Leggere i racconti di Rossella Milone trasmette la sensazione che si prova durante le conversazioni occhi negli occhi con le pause di senso, quando il dialogo è permeato da autorevolezza, sincerità, una specie di complessità trasparente, e tutta un’energia dialogica e gestuale diretta rafforza i significati e rende l’attimo colmo di una tensione. Per questo è un libro di maiuscole, perché incisivo, determinato, con una luce affatto comune da trovare sulle cose che dice, e un altrettanto particolare zona d’ombra.
I personaggi sono immersi in un apprendimento sentimentale faticoso, guadagnato centimetro per centimetro. Un bagno costante nell’educazione all’istinto, al respiro.
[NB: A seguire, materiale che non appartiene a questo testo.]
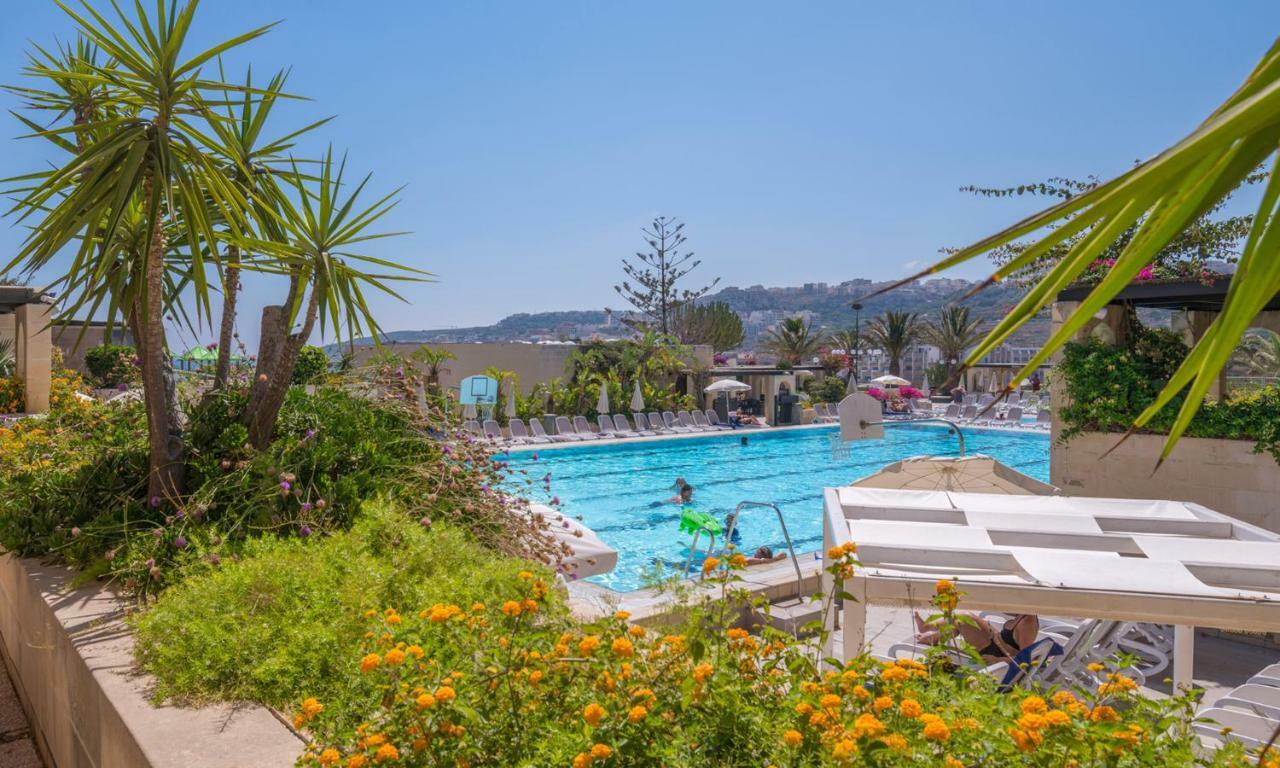 Mellieha Holiday Centre Bagian luar foto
Apparentemente confinati a vivere tra le pagine mentre noi siamo qui fuori a guardarli, con il potere di vedere più di quanto non vedano loro; privilegiati osservatori dello spazio d’ombra che non si può né si deve spiegare, ma solo leggere. Forse è proprio in questo spazio, anche in questo, che sta la magia del libro, in questa fessura che non lo fa finire, che lascia sempre uno spiraglio, una connessione. In queste voci sembra non esserci soluzione, ma ricerca. In questo libro non si deve arrivare da qualche parte, a un traguardo in senso sintetico, si deve solo viaggiare dietro a questi agenti, perché di azione si tratta e di un’azione che trascende il positivo o il negativo: anche la fuga dal fare o dal dire è azione stessa in questi termini perché è accadere, rimanere, lottare.
Il silenzio è come un laccio che lega tutti i racconti e tutti i vissuti. Il silenzio, che è assenza di voce, in verità diventa uno spazio di permanenza e non un arresto, è pensiero, costruzione, pausa. Il silenzio imposto a nonna Erminia per farla fumare di nascosto, il silenzio della guerra finalmente interrotto dalla musica, il silenzio del monastero dove ci si nasconde dalle lezioni di scuola. Il silenzio degli amanti, delle case tristi, di quelle all’improvviso vuote, dei mercati chiusi, il silenzio per reazione a certi spaventi, durante i primi incontri o dopo gli ultimi. Il silenzio come una dedica, come il dubbio, il silenzio del lottatore, appunto, che avanza. Con una delicatezza determinata e incisiva, che fa dire la perfezione del titolo.